The specific question had to do with an "attack rule," whereby individuals or groups subject to political attacks on their honesty, character, integrity, and so forth, had to be afforded the opportunity for rebuttal.

So, in effect, the FCC was attempting to facilitate more speech, and not less, as the conservatives are claiming in the current debate.
(The Brawler elaborates on that idea in another excellent post.)

Any calls for a new "Fairness Doctrine"--at least from me, and the people I know and love on the internet like Xoff--are not calls for an "Equal Time Doctrine." I'm not asking that WTMJ hang up Jeff Wagner in favor of Ed Schultz (although I bet Schultz could get good ratings here). The point is to allow those maligned, like Clinton and Edwards in my examples above, to respond. As often as Bill O'Reilly, for example, slams Media Matters for America, O'Reilly will not invite anyone from MMfA on to debate him one-on-one (which makes sense given that O'Reilly can get pwned by a 16-year-old high-school student). Rush Limbaugh never invited David Ehrenstein on to talk about "Barrack the Magic Negro," because Ehrenstein would have explained how Rush turned a legitimate sociological analysis into a minstrel show. Charlie Sykes never invites liberals he can't control (i.e., not Mikel Holt) onto his radio or TV show to respond to his spin and lies. And McIlheran himself saves the worst of what he writes for his blog (these lies about Scooter Libby, for example) so that he doesn't have to face letters to the editor detailing outright falsehoods in the pages of the paper.

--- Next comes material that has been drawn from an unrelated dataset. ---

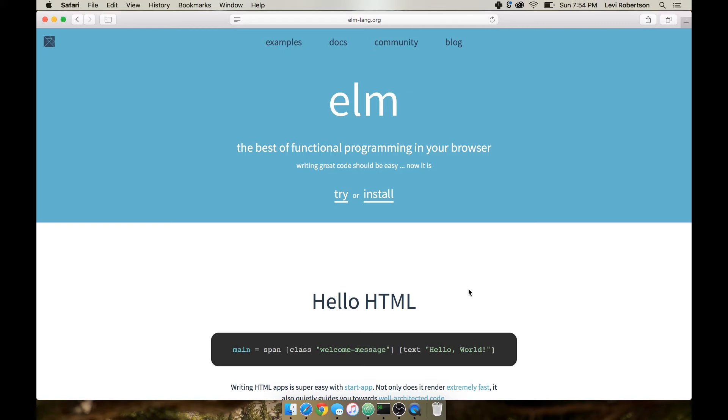It is like a language and a framework to get you started and it has its own compiler and everything. So, the environment is already set up for you so you can just get up and running with Elm, which I love.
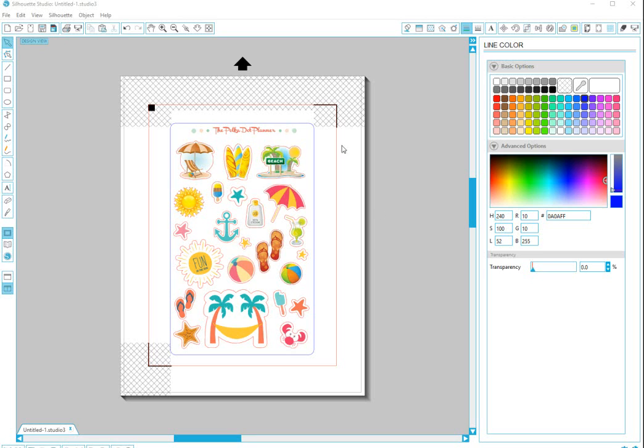Today you're going to learn how to make a colorful background on your sticker sheets. So say that this is kind of white and bland and plain and this is a really cute setup, but it's just not what you are wanting.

When Trent Lott said the talk radio was running America, yeah, it was ironic and funny. But he's also right that if you only hear one side of the story, your own opinions will not be well-informed. (Consider the FOXNews viewers who believe more lies about Iraq than other news comsumers.) So all we ask is that on those "public" airwaves, some time be given for those maligned, one way or the other, to respond. For the other side to be heard, even a little bit. For the public to be presented with multiple perspectives, multiple voices, and multiple opinions on the burning issues of the day.

More information, in other words, not less. And, after all, isn't that what free speech is all about--more, not less?